3. After a protracted labor battle the two sides came to an interesting agreement. The ILA agreed to reduce the on-site workforce dramatically, with a plan in place to reduce it even further through attrition. The Port agreed to a small number of actual layoffs, and agreed to keep paying wages to many of the ILA workers who were removed from the on-site workforce but kept on the payroll. These ILA members basically got paid to stay home.
4. The Port actually saved a pile of money almost immediately, even though they were paying thousands of workers not to work. The elimination of on-site staff resulted in a dramatic reduction of theft on the piers that more than offset the wages paid to non-working ILA members.

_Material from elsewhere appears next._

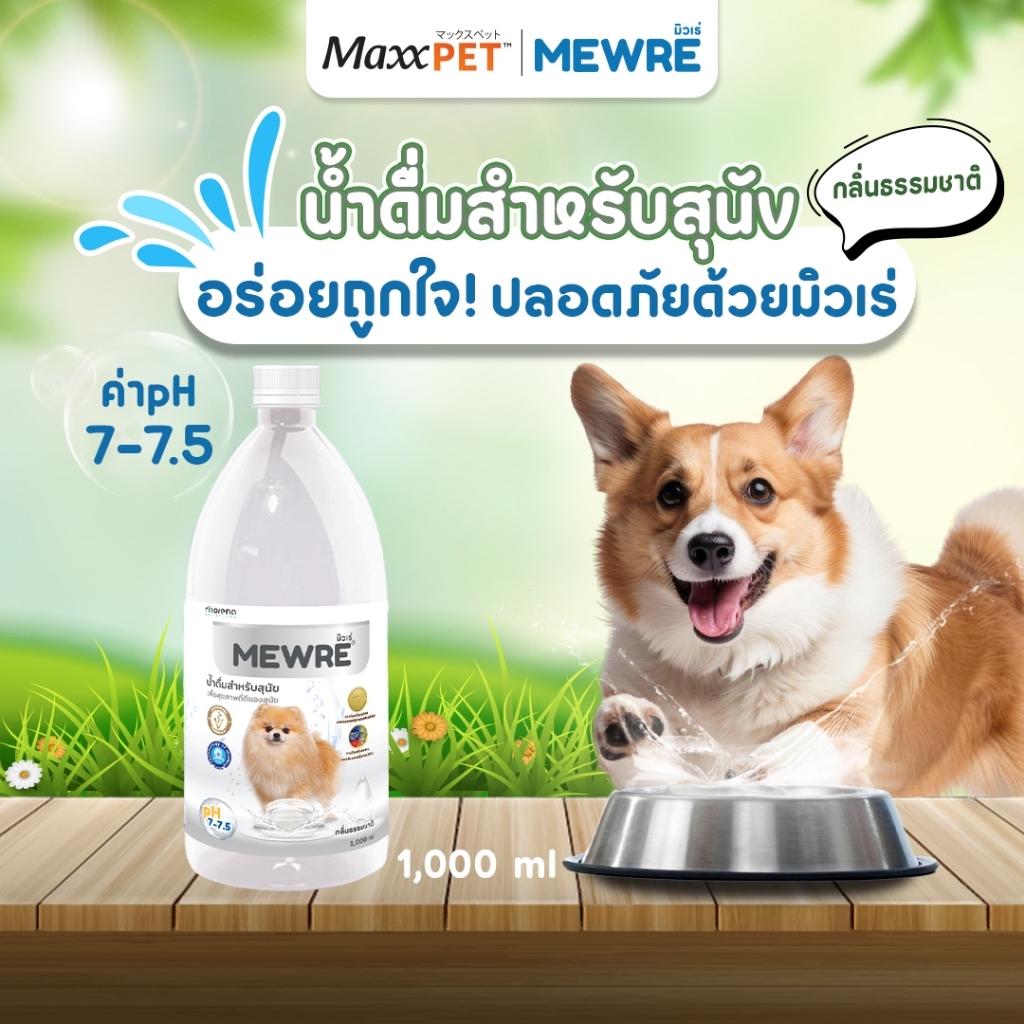Maxxpet นํ้าดื่มสําหรับสุนัข มีให้เลือก 2 สูตร น้ำดื่มเพื่อสุขภาพสัตว์เลี้ยง สำหรับคนรักสัตว์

5. Today there are fewer than 3,000 ILA members left at the Port of NY/NJ. The marine terminals are highly automated, and the biggest problem they now face is getting enough skilled workers to fill some of the positions on the piers.
Go figure. Everything is a racket these days, it seems.
I’ll not wash trucks for half as much.
I’d rather see a Governor who tells the unions at the ports to go jump in the brink. It’s common in the industry to be paid half a million for not showing up for your job, is not an excuse the taxpayers should accept on any day of the week. It’s stealing.
Good deal to have The Don at your back.